Journal volume & issue
Vol. 1, no. 2
pp. 120 – 138

Abstract

Read online

This review aimed to specify different concepts that are essential to the development of medical devices (MDs) with artificial intelligence (AI) (AI-based MDs) and shed light on how algorithm performance, interpretability, and explainability are key assets. First, a literature review was performed to determine the key criteria needed for a health technology assessment of AI-based MDs in the existing guidelines. Then, we analyzed the existing assessment methodologies of the different criteria selected after the literature review. The scoping review revealed that health technology assessment agencies have highlighted different criteria, with 3 important ones to reinforce confidence in AI-based MDs: performance, interpretability, and explainability. We give recommendations on how and when to evaluate performance on the basis of the model structure and available data.

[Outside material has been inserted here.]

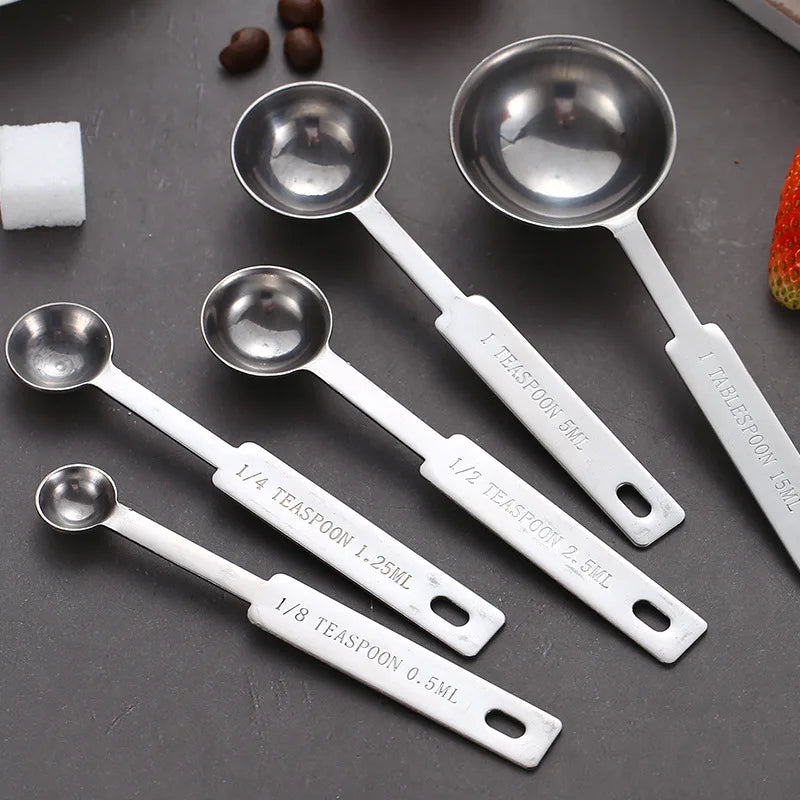 Durable stainless steel measuring spoons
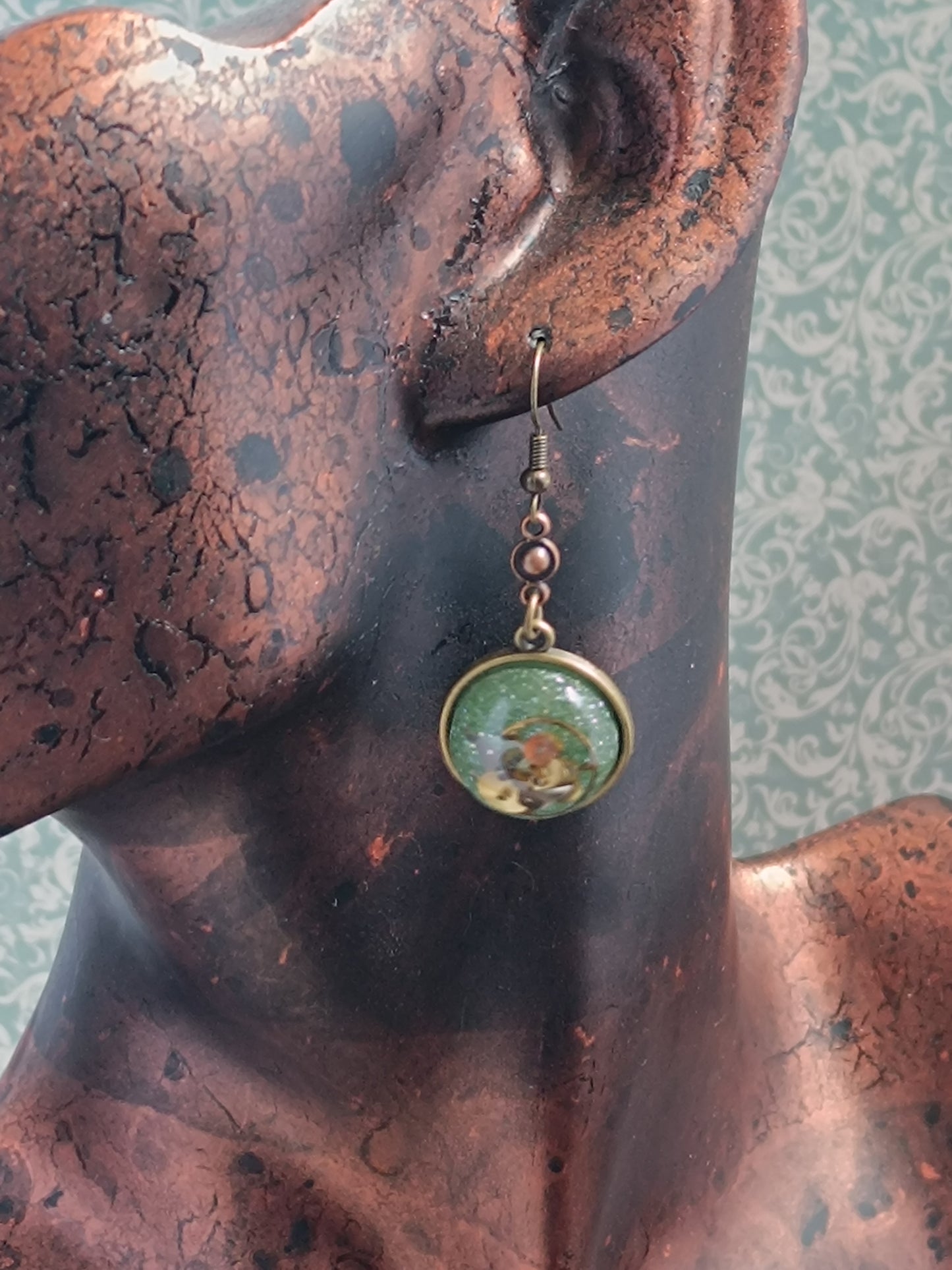 Boucles d'oreilles pendantes Steampunk rondes - Connecteur cuivre 3,5cm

In addition, should interpretability and explainability be difficult to define mathematically, we describe existing ways to support their evaluation. We also provide a decision support flowchart to identify the anticipated regulatory requirements for the development and assessment of AI-based MDs. The importance of explainability and interpretability techniques in health technology assessment agencies is increasing to hold stakeholders more accountable for the decisions made by AI-based MDs. The identification of 3 main assessment criteria for AI-based MDs according to health technology assessment guidelines led us to propose a set of tools and methods to help understand how and why machine learning algorithms work as well as their predictions.